A Masculine Knitted Tee…well, not quite
Late in 2009, I decided I wanted to design a form fitting knitted tee shirt. “Design” may be too weighty of a word…it makes it sound like I know more than I do. Let’s just say I wanted to start experimenting with some prototypes and go from there. While there are lots of sweaters, vests, henleys, etc., there are very few…and I mean *very* few…designs for knitted shirts. In fact, the few patterns I found were vintage patterns and just sort of blah. I wanted something more. Also, I really wanted to make it out of fingering weight, but was having trouble finding a yarn suitable (a cotton blend) in that weight. I settled for a sport weight, using Knit Picks Comfy. I wanted to try making it in the round, so I decided to try a raglan prototype. Here’s the result.

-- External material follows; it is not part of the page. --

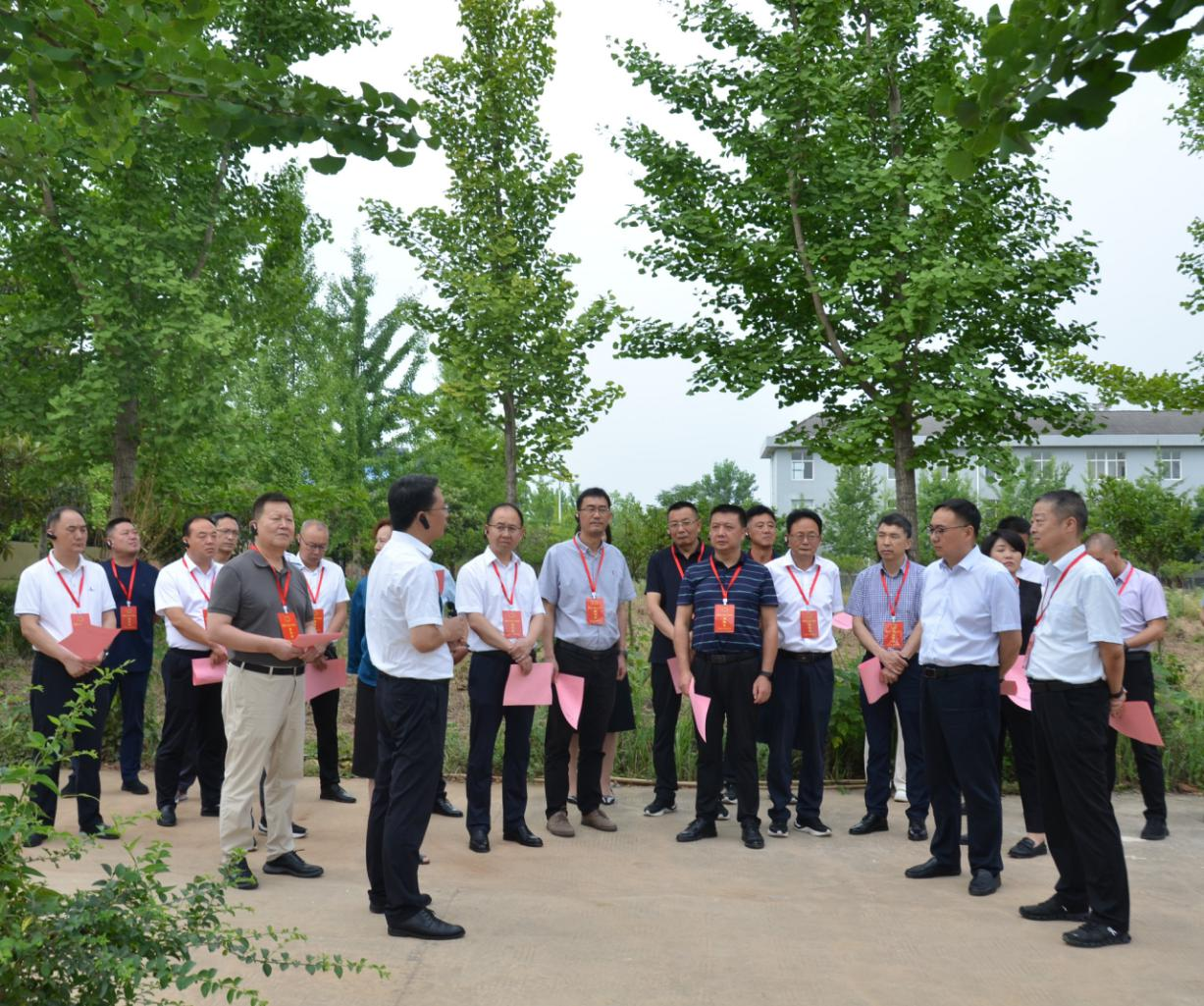 图片1 图片1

First try at a raglan shirt design
Humm…it’s wearable, so it’s not that bad, but it’s not what I was aiming for. It’s not much above the ho-hum basic knitted shirt. But it is comfortable! Starting wide, and going narrow for the waist, then increasing again for the chest did give it the form fitting shape I wanted. But it looks like an hour glass (feminine) rather than a V (masculine) shape. Okay…tuck in the shirttail! Note to self: Next time, crop the length and make it the narrow width to begin with. The directions I used for the raglan shaping came from Jacqueline Fee’s The Sweater Workshop, which called for 1 1/2 inches of straight knitting rounds before starting the raglan shaping.

Next time--cut out the 1.5 inches before the the raglan decrease to snug up sleeve
Hummm….that makes the shirt body pucker at the sleeve join. Next time…cut out the 1 1/2 inches and start the raglan shaping right away. Collar flares out in back some…too flimsy. Solution: Bind off neck stitches and pick up stitches for neckline knittting rather than use held live stitches. And don’t use the elastic bind-off next time. Finally, sleeves are too long. Cut off about four inches in length.
I’ve not decided whether to rip out down to the sleeve/body join and redo the top of the shirt and sleeves, which means I could make all the changes but those in the shirt-tail area. Or just make another shirt with all the changes.
Or maybe I will just move on… to a fingering weight, and experiment knitting one continuous piece back and forth, from bottom of back, up to sleeve area with additional cast ons on each side for sleeves, bind off for head hole, cast on those stitches on next row, decrease the stitches that form the sleeve and finish knitting the front. Seam the sleeves and sides. I will crop the bottom and make it form fitting at the waist.
I’ll let you know how that one turns out…but give me several months! I have way too many WIP right now!